I must be quite ignorant because this is the first time I saw the Flame of the Forest tree (Delonix regia) fruiting with their large seed pods! I don’t think I have seen it in Singapore yet. But I guess they planted it more in this city then compared to Singapore, making it more obvious when the whole row of Delonix fruits.


This is one of the two larger parks which I visited near my hotel in District 1. It is a rather pleasant respite from the blazing sun. It is pretty quiet on a working day morning…


But during the weekends, many come for a jog or walk, and also play badminton and other sports.


At night, my friends brought me to another park to chit-chat. I was amazed to see it to be filled with people (mostly teenagers and young adults). They told me that it is always packed at night. What a big contrast with our parks here.


The next morning, I went to Tao Dan Park, beside the reunification palace. Two Ang Mohs were learning martial arts from a Vietnamese girl on the right. And I must say… they were pretty good at it!


Some of the trees are tagged. I doubt most park visitors were interested but it is definitely well appreciated by me.


I was rewarded with some interesting fauna life after lingering around the park looking up at the large trees. This is a Golden Tree Snake (Chrysopelea ornata; thanks Ivan for the ID). It slithered quickly into a hole on the tree when I saw it.


I initially thought that this was a baby Plantain Squirrel that is very common in Singapore till I realised that the strips was at the wrong side.


There are four distinct white stripes on its back (compared to two on the Plantain Squirrel’s belly). It looked similar to the Himalayan Striped Squirrel (Tamiops macclellandi) but I can’t be sure since the IUCN only put its range in Vietnam as North Vietnam only.


I find this street (Truong Dinh Street) which cuts through the park quite aesthetic because of the tall pillars of Dipterocarps (Dipterocarpus alatus) flanking the roadside.

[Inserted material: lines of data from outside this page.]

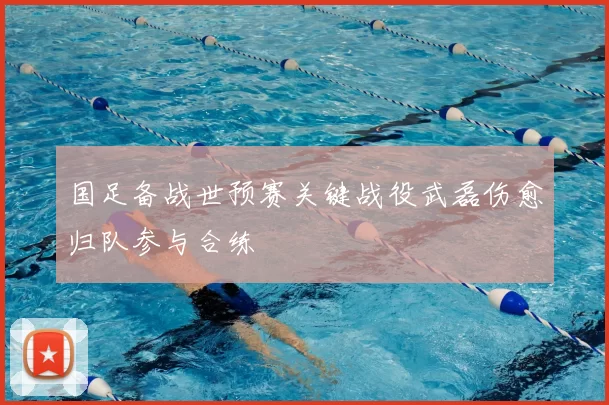 国足备战世预赛关键战役武磊伤愈归队参与合练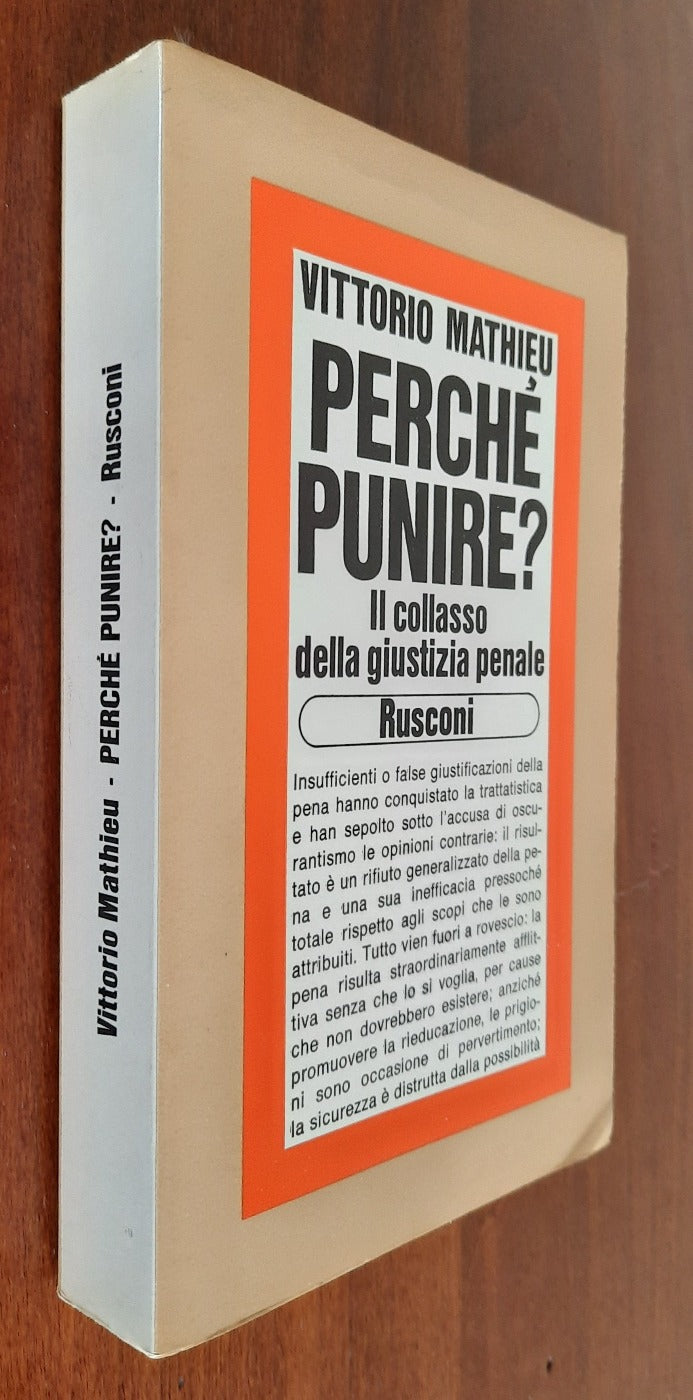 Perchè punire ? Il collasso della giustizia penale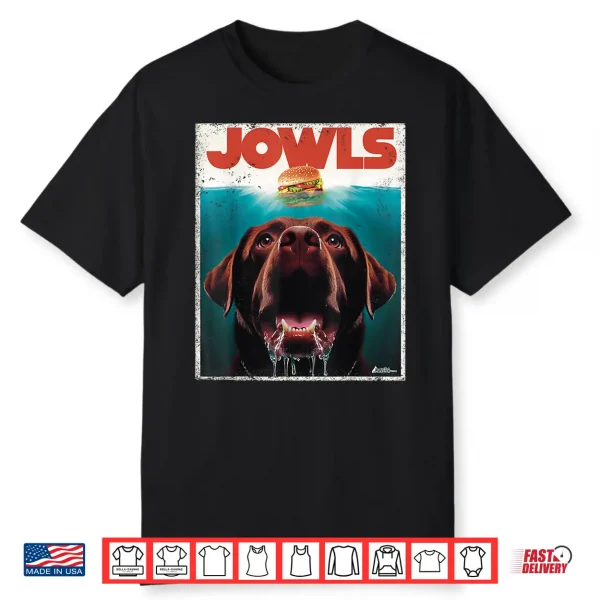 Chocolate Lab Jowls Labrador Retriever Dog Mom Shirt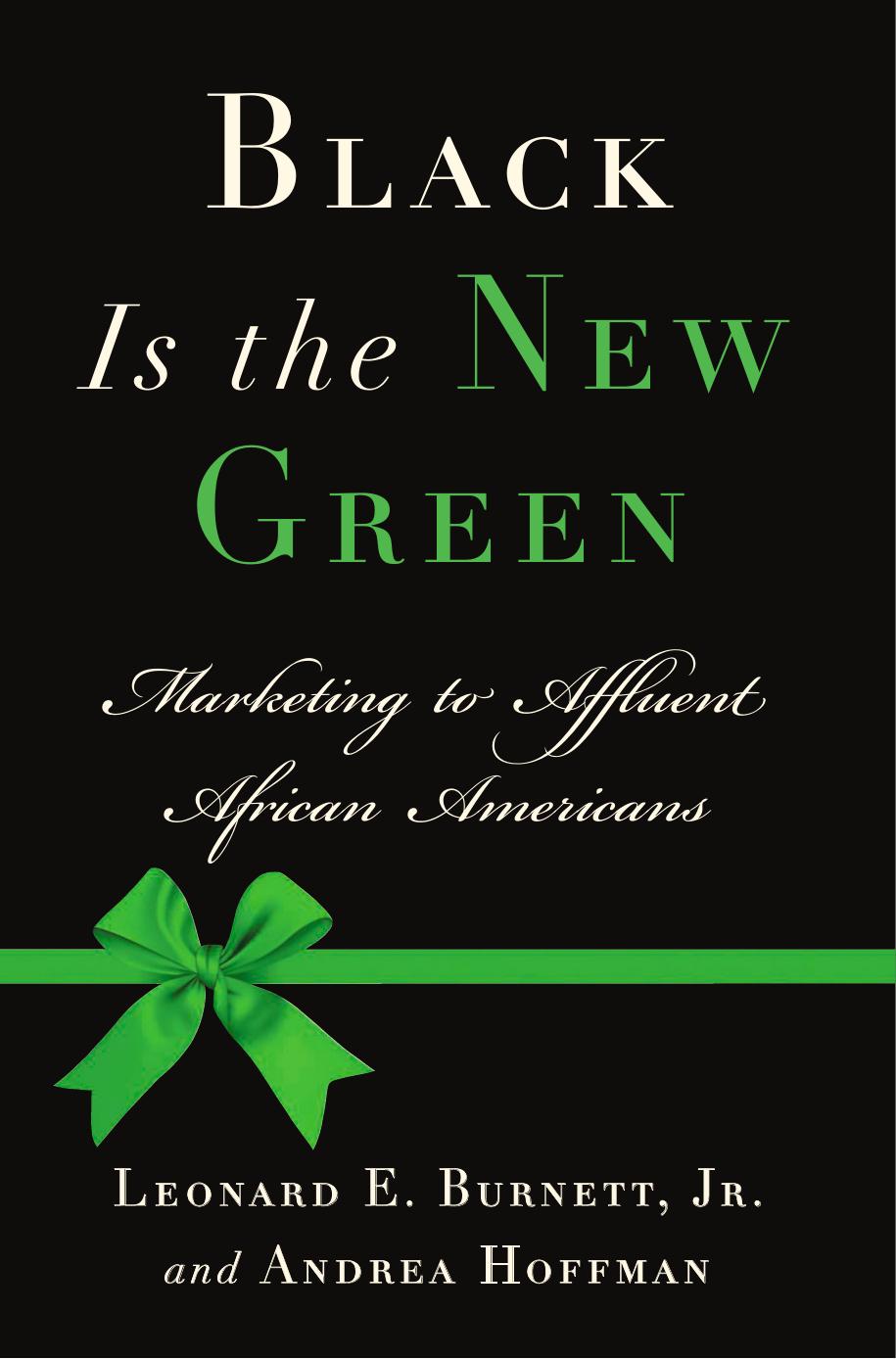 Black Is the New Green: Marketing to Affluent African Americans by Leonard E. Burnett Jr. Andrea Hoffman (auth.)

To my Vietnamese friends, the spinning dipterocarp fruits are already a common sight for them. But they are much revered for students of biology in Singapore (at least that is what I feel) since these primary forest species are few and very much threatened in our remaining forests.

After visiting a few Southeast Asian countries, I am of the opinion that Singapore probably put in the most resources in urban greening; hence deserving of the title of “Garden City”. However, Ho Chi Minh City also hold a special place in me because of its giant Dipterocap trees which have probably been here for a century.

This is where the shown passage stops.